== INFORMATION PROVIDED ==
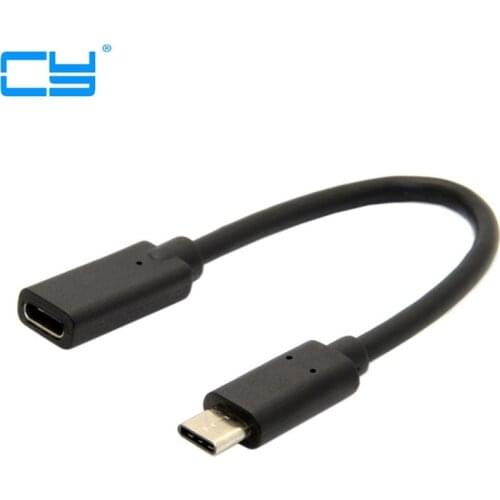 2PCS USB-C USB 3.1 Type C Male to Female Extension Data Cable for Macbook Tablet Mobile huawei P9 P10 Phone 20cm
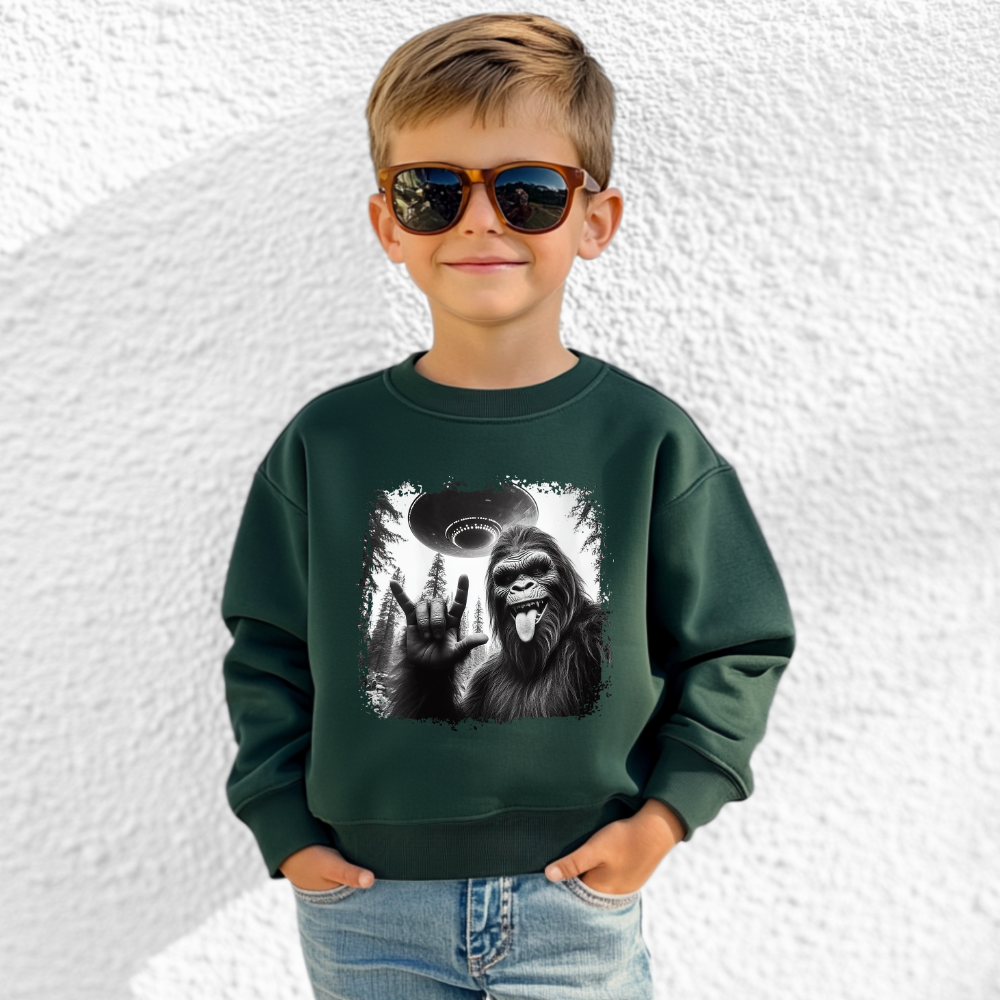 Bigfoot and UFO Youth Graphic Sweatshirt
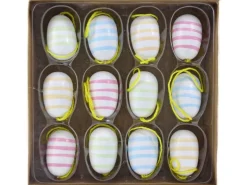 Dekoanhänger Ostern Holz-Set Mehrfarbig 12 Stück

== WHAT YOU ARE ASKED TO DO ==
What you return should be only the lines from the line with "Bigfoot and UFO Youth Graphic Sweatshirt" through the last line of the listing above, exactly, both ends included, pictures excluded.

== EXERCISE RESPONSE ==
 Bigfoot and UFO Youth Graphic Sweatshirt
 Dekoanhänger Ostern Holz-Set Mehrfarbig 12 Stück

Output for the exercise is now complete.